Jay Leno, marking his 15th year as host of “The Tonight Show” on Friday, understands his role with NBC’s late-night institution like a good comedian knows timing.
“Tonight” isn’t his; he’s just borrowing it.
“The real trick is you never really do own these shows. You try not to screw it up for the next person,” Leno said. “It’s like the America’s Cup (sailing trophy). You want to win it and you want to keep it No. 1, and when it’s over you say, ‘Whew, OK, your problem now.’ ”
The only one who could rightfully stake a claim, he said, was Johnny Carson, who presided over the NBC program for 30 years (1962-92) as its third high-profile host and the most enduring.
“Obviously, Johnny owned the show and set the tone. Steve Allen was great and Jack Paar was great, but every talk show is a variation of what Johnny did. You’re always in that shadow,” Leno told The Associated Press.
The late-night ratings leader isn’t making a big deal of the anniversary. But he’s planned a few surprises for Friday’s show and allowed NBC to invite some media attention. The network also set up a Web site where viewers can dabble in creating their own “Tonight” music video and promos.
In an interview this week, Leno was low-key about the event. He spoke just after he’d taped a show and bolted the NBC studio, as he usually does, for his vast warehouse garage a few miles away. His collection of rare and fast cars and motorcycles is stored there.
That’s one of his primary passions.
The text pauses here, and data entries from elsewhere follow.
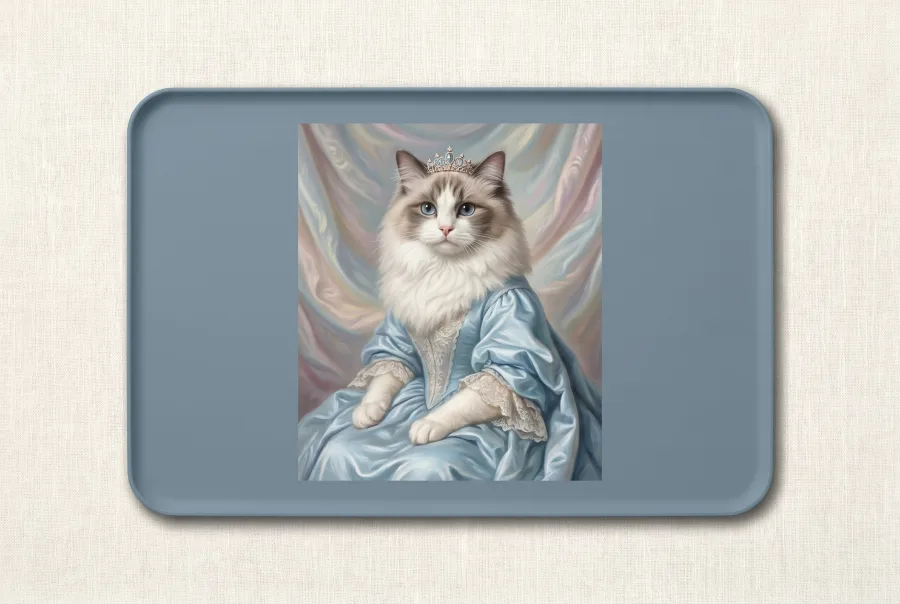 Ragdoll-Katze als Prinzessin, royales Portrait auf der Futtermatte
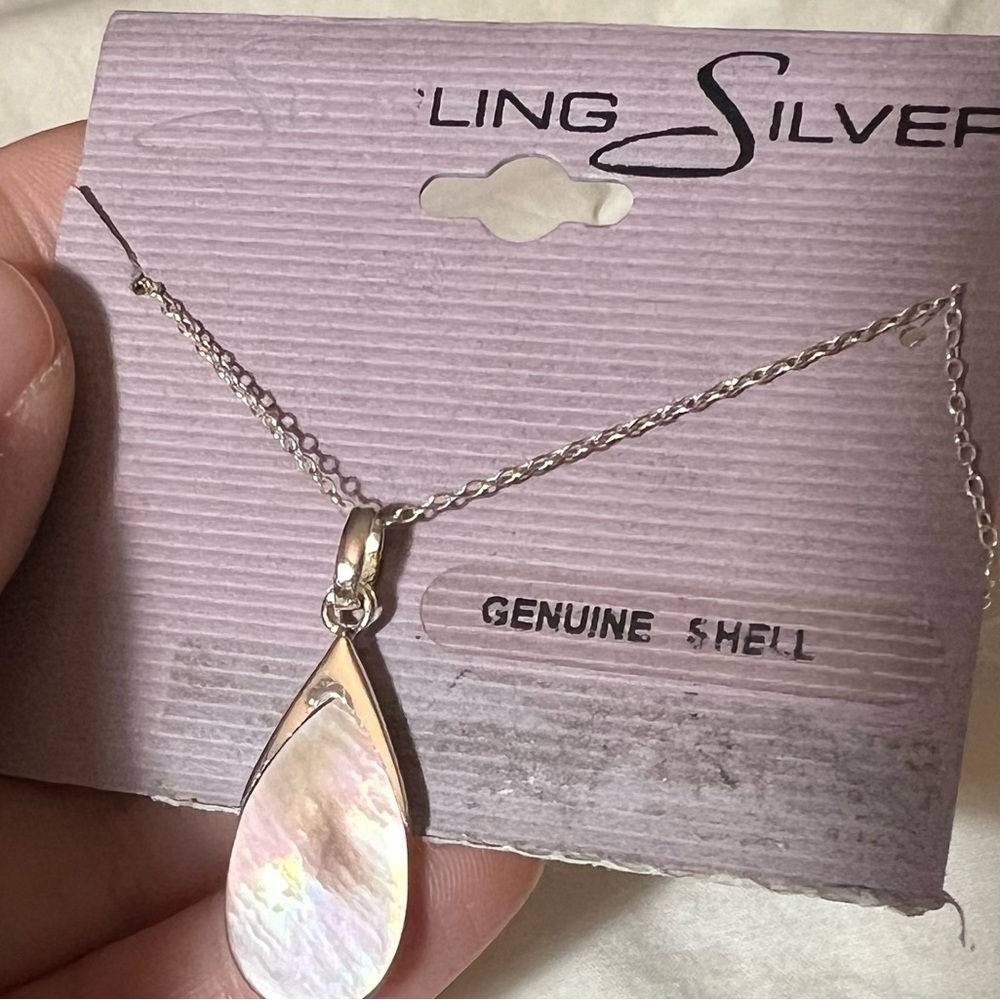 Ling Silver Genuine Shell Sterling Silver Necklace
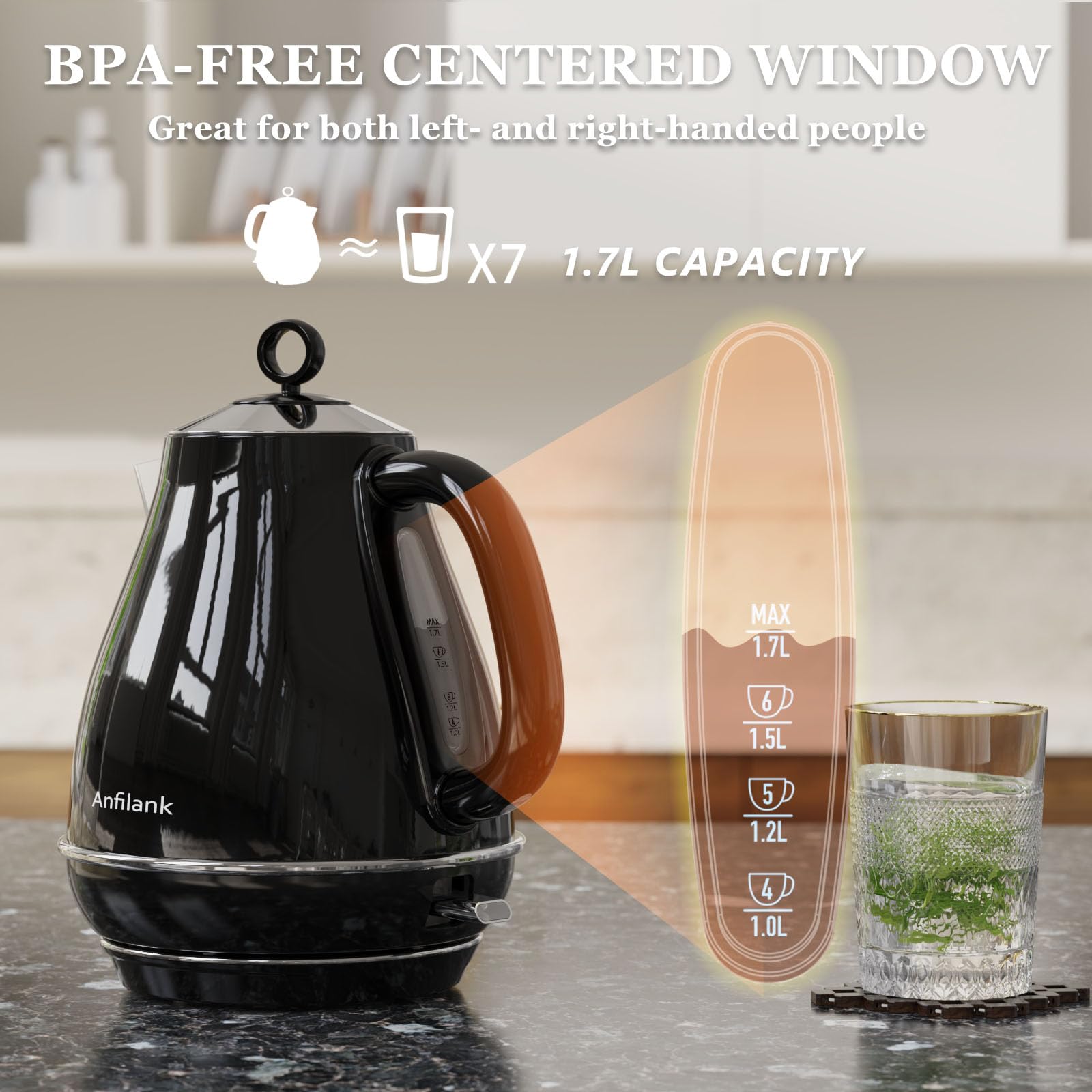 Anfilank Electric Kettle – 1.7L Fast Boil 3000W Stainless Steel, Black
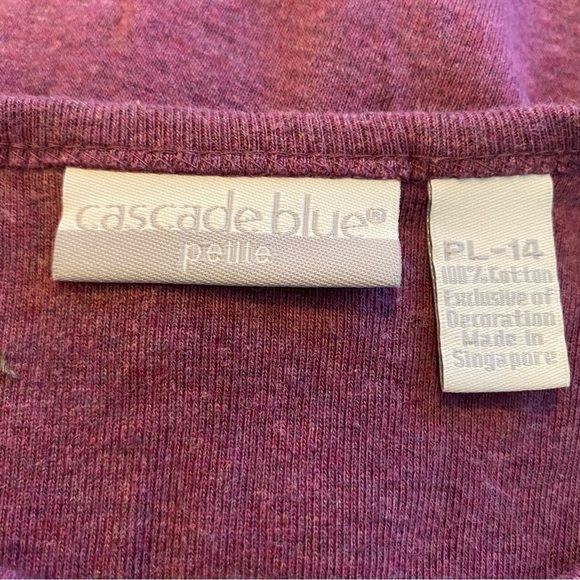 Cascade Blue Floral Embellished Short Sleeve Tee Twilight Lavender PL 14 - Picture 3 of 4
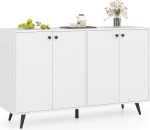 COSTWAY puidust k&uuml;ljepaneel, kapp 4 uksega ja 5-suunaliselt reguleeritavate riiulitega, k&uuml;ljepaneel kapp, puhvetkapp, k&ouml;&ouml;gikapp, kaasaegne, elutuppa, k&ouml;&ouml;ki, s&ouml;&ouml;gituppa, 127.5 x 38 x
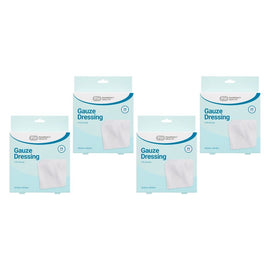 Pharmacy Health Gauze Dressing 10.2cm x 10.2cm 24 Pack Bundle of 4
Others include his wife, Mavis, a human rights activist, and “Tonight.”
“That’s the real key to this (the show). It’s not that you can’t have a life. It just needs to become your life,” said Leno, 57.
The persona he’s known for is eager to toil, not so eager to blow his own horn. That attitude is the legacy of his Scottish mother, Catherine, who advised that “whatever you do, don’t call attention to yourself.” (His late dad’s contrary credo: “Whatever you do, make sure people know you’re Angelo’s son.”)
“I always assume I’m not as bright as the next guy, so if I work a little harder I can sort of win,” Leno said. “That’s why it says ‘The Tonight Show with Jay Leno,’ not ’starring Jay Leno,’ ” he said — that was Carson’s billing.
Given how hard Leno fought to get “Tonight” and how much he puts into it, he’s oddly sanguine about his announced, not-too-distant departure. He plans to surrender the show in 2009 and make way for NBC’s “Late Night” host Conan O’Brien, who has Leno’s endorsement.
O’Brien has “blossomed into a terrific talk show host, an extremely talented writer, a funny performer. He does the jokes well, does the sketches well,” Leno said.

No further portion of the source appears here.